A nível oficial, a quem solicitamos todas as referências possíveis acerca da história e da situação do Castelo, temos recebido provas inestimáveis de interesse e compreensão pela nossa proposta. Desde a Repartição do Gabinete do Chefe do Estado-Maior do Exército, da Delegação do Norte da Secretaria da Cultura, passando pela Direcção Geral do Património Cultural e pela Repartição Técnica e Direcção do Norte dos Edifícios e Monumentos Nacionais, de todos estes departamentos e respectivos funcionários e responsáveis, choveram informações de grande valor e interesse.
Terminando, dizemos que a primeira fase da batalha, que se iniciou com o n.º8 deste jornal, durará ainda algum tempo e que ficará concluída quando conseguirmos um número razoável de dados, para podermos sistematizar a proposta e quando possuirmos apoios em quantidade e qualidade que nos permitam levar a nossa tarefa a cabo. Neste momento compete-nos aguardar. A palavra está dada aos leitores, às entidades, ao colectivo.
Concluímos o artigo anterior desta série afirmando «que nenhum empreendimento válido foi ainda levado a cabo sem que nos seus alicerces estivesse a argamassa da ousadia».
Convictos disto, não nos assusta nem a massa enorme do Castelo nem a degradação a que chegou. Pelo contrário: é uma batalha que gostamos de travar e gostaremos de ganhar!
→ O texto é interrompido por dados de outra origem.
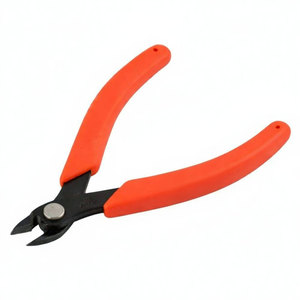 Heavy Duty Stainless Steel <b>Flush</b> Cutting Pliers 12 AWG Wire Professional Lightweight Maxi Shear <b>Cutter</b> High Quality 5" Jewelry - Product Image 1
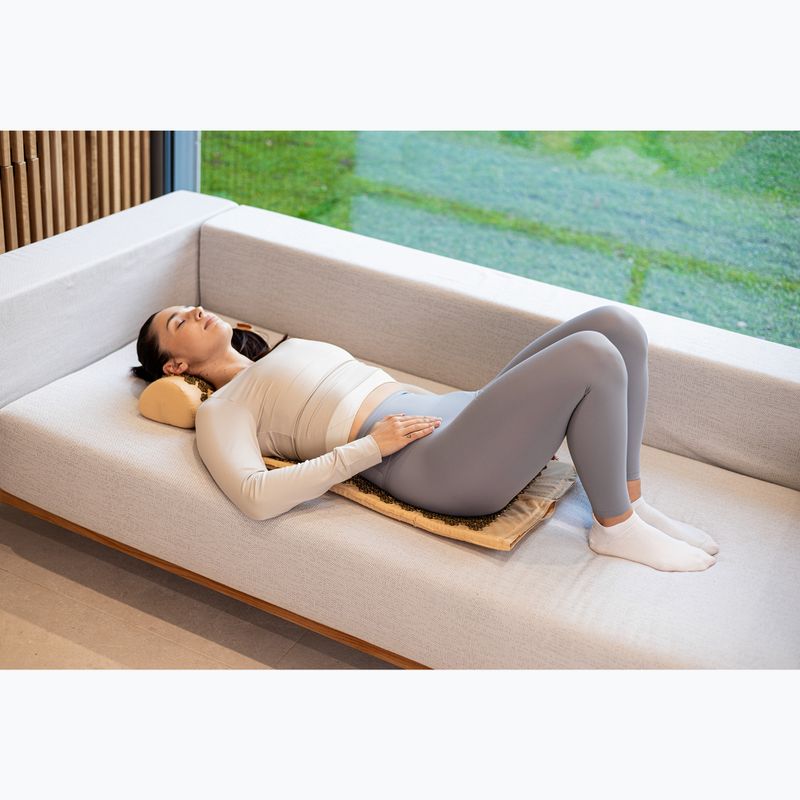 Akupresurní podložka XTREXO s polštářkem TXO-B4Z004-BZ brown 4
V — ALGUMAS DAS RAZÕES QUE A MOTIVARAM
Outubro/79, n° 12

Freguesia populosa, parte integrante da segunda cidade do país, a Foz do Douro encontra-se hoje do ponto de vista cultural, numa situação de atraso e degredo que importa, mais, é imperioso ultrapassar.
O balanço que daremos a público na separata de aniversário que estamos a preparar, dá-nos conta de que somos uma freguesia onde aparte uma ou outra actividade das associações para os seus sócios, nada acontece no mundo da cultura em geral.
Não temos cinema, e o que está mais perto para além de exibições esporádicas, não tem tido o mínimo critério de selecção; não temos um teatro permanente promovendo anualmente peças variadas (não deixamos aqui de referir o valioso trabalho do grupo de teatro do Orfeão da Foz); não temos uma única sala preparada para exposições artísticas e não só; não se realiza há já muitos anos um concerto ou espectáculo de música de qualidade (de referir aqui também, porque é excepção, o valioso trabalho da Banda Marcial da Foz); não se ouve desde há muito tempo uma única conferência ou colóquio nem sequer cursos de alfabetização ou de educação de adultos; não existe uma biblioteca pública, diariamente aberta, etc., etc.
Em resumo, a Foz do Douro é hoje no geral uma terra amorfa, passiva, em que os habitantes minimamente interessados em se distrair e cultivar se dirigem amiúde ao centro da cidade para o fazerem. E quais são os motivos, as causas para que tal aconteça? Do nosso ponto de vista há três razões fundamentais.
Uma relaciona-se com as estruturas do poder actual, que teima em não considerar «em crise» o sector da educação e da cultura, pelo que não lhe dispensa a atenção necessária.
Uma segunda razão, e da qual já aqui temos falado, está na própria população. Com algumas razões mas sem a razão, ou seja, com motivos para algum desânimo mas não para o descrédito total as pessoas deixaram pura e simplesmente de se empenhar nas soluções colectivas e na procura de formação intelectual, para se voltarem individualisticamente para si mesmas.
A terceira razão reside na escandalosa carência de estruturas para a prática da actividade cultural. Como fazer teatro se não há locais minimamente apetrechados para o fazer? E cinema? E exposições? E para instalar uma biblioteca? E dar um concerto, onde?
Como se depreende foi da análise atrás exposta que nasceu a ideia de lutarmos pela criação de um Centro Cultural polivalente na freguesia. Limitamo-nos a juntar a esta ideia uma outra: a de conservar e dar utilidade pública ao Castelo da Foz.
São dois combates diferentes (o da criação de um Centro Cultural e o da preservação do Forte de S. João Baptista) que resolvemos, porque nos pareceu correcto e útil transformar num só. E se não nos deixarem dar a cajadada simultânea nos «dois coelhos», não nos importaremos desde que os «matem» isoladamente.
Como nota final, queremos remeter o leitor para a carta que nos chegou às mãos, enviada pela turma A do 1º ano da 2ª fase da escola 85, na Foz. São documentos como este que nos incentivam a continuar esperando que das crianças venha o exemplo para os adultos.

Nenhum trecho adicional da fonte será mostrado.